== Provided data ==

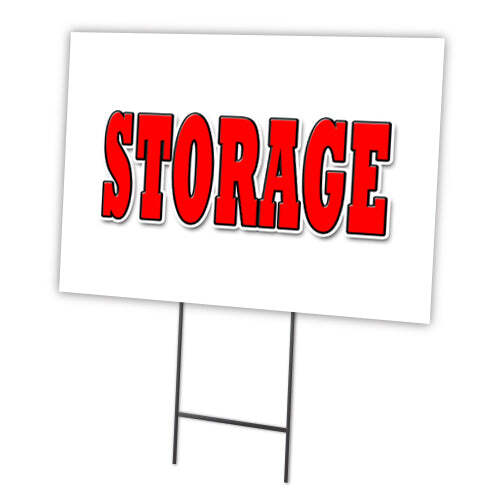 Storage Yard Sign & Stake outdoor plastic coroplast window
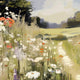 Wildflower Wander - Framed Canvas Wall Art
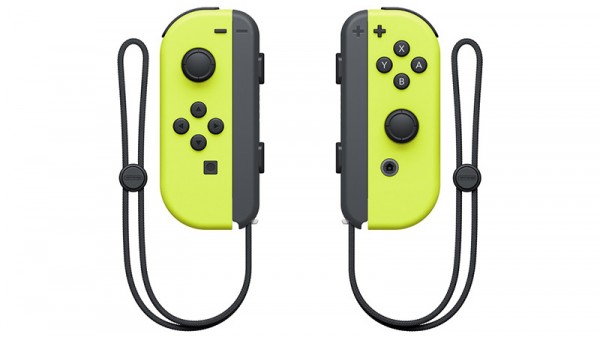 Набор контроллеров Joy-Con для Nintendo Switch (неоновый желтый)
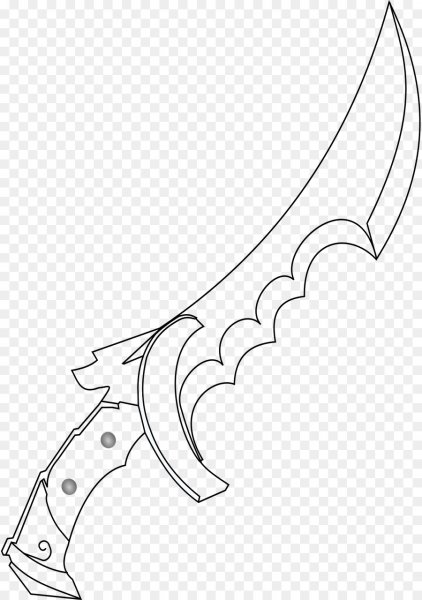 Нож раскраска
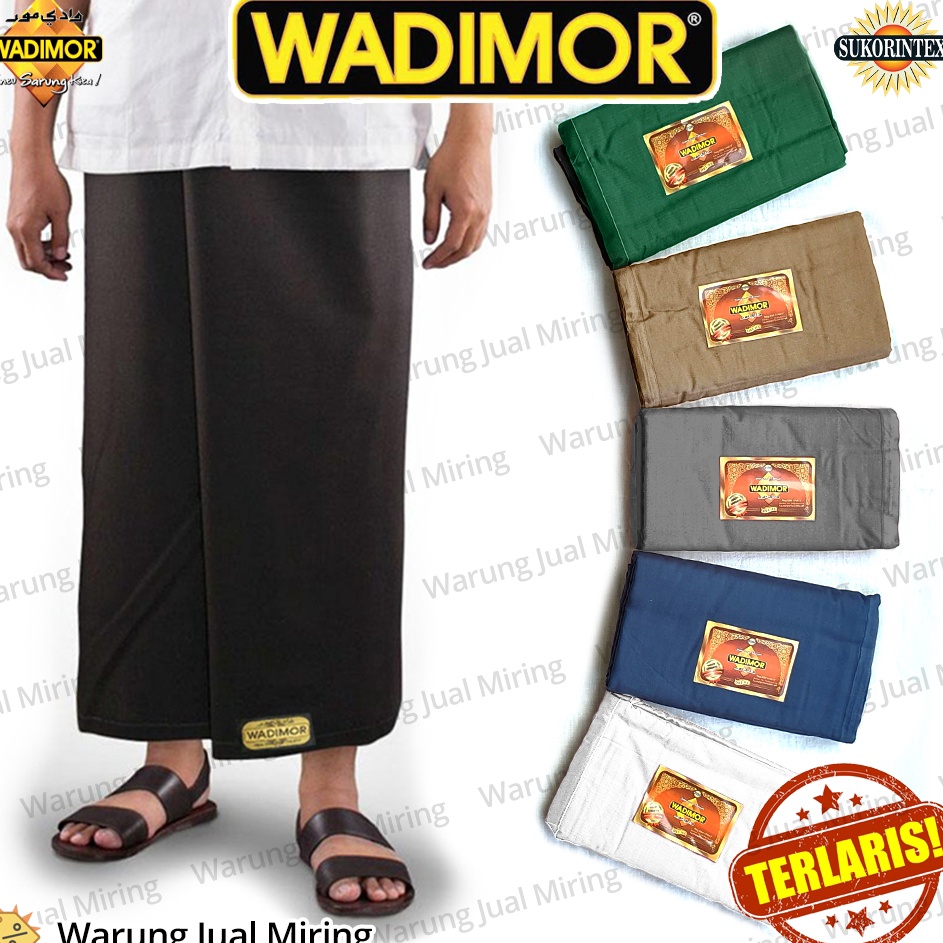 Pro Seller Sarung WADIMOR Hitam Putih Dewasa Anak Polos Warna Tumpal Motif Kain Sarung Samping Wadimor Anak Sholat Santri Putra Junior Remaja Tanggung Pria Laki Cowok Jumbo Peci Padang Kotak Katun Sarung Tenun Grosir Premium Motif Koko Ori Original Terbar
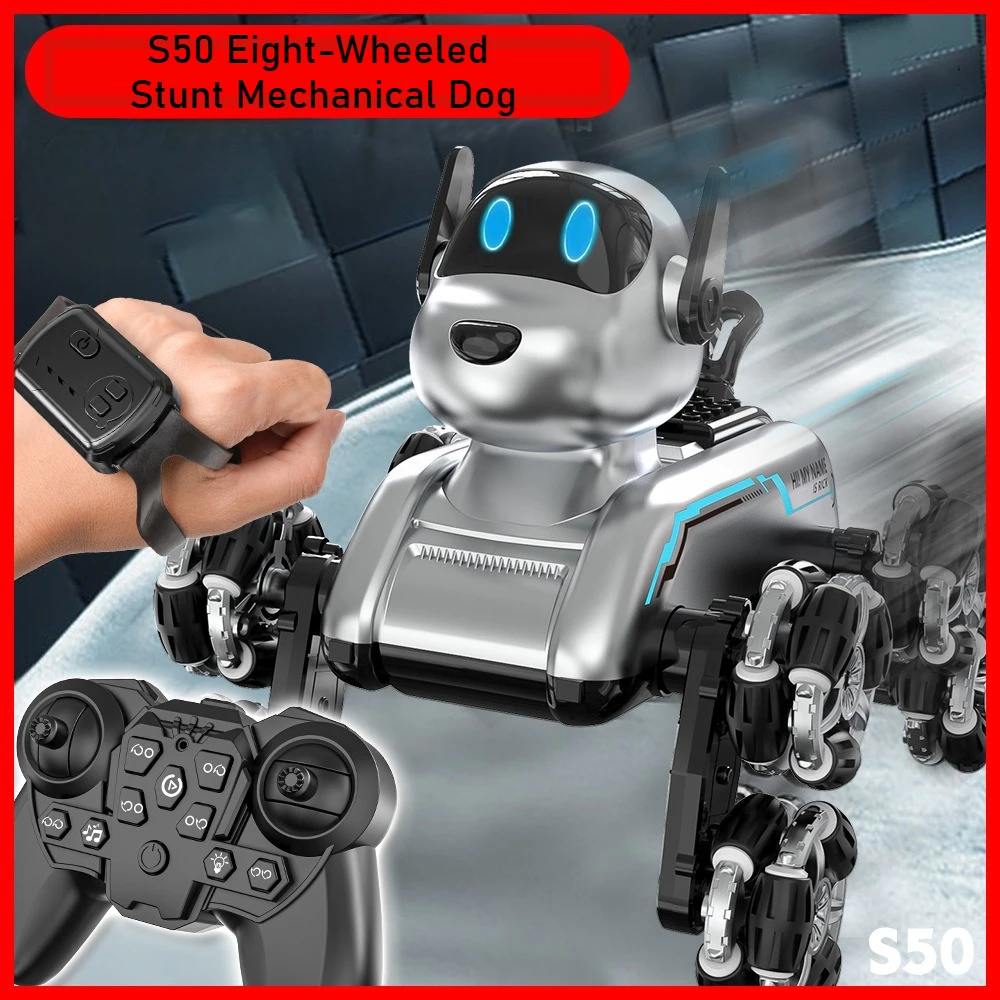Robot Wheel - S50 Cane robot intelligente con rilevamento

===

Return all the data exactly, and keep the pictures out.

 Storage Yard Sign & Stake outdoor plastic coroplast window
 Wildflower Wander - Framed Canvas Wall Art
 Набор контроллеров Joy-Con для Nintendo Switch (неоновый желтый)
 Нож раскраска
 Pro Seller Sarung WADIMOR Hitam Putih Dewasa Anak Polos Warna Tumpal Motif Kain Sarung Samping Wadimor Anak Sholat Santri Putra Junior Remaja Tanggung Pria Laki Cowok Jumbo Peci Padang Kotak Katun Sarung Tenun Grosir Premium Motif Koko Ori Original Terbar
Robot Wheel - S50 Cane robot intelligente con rilevamento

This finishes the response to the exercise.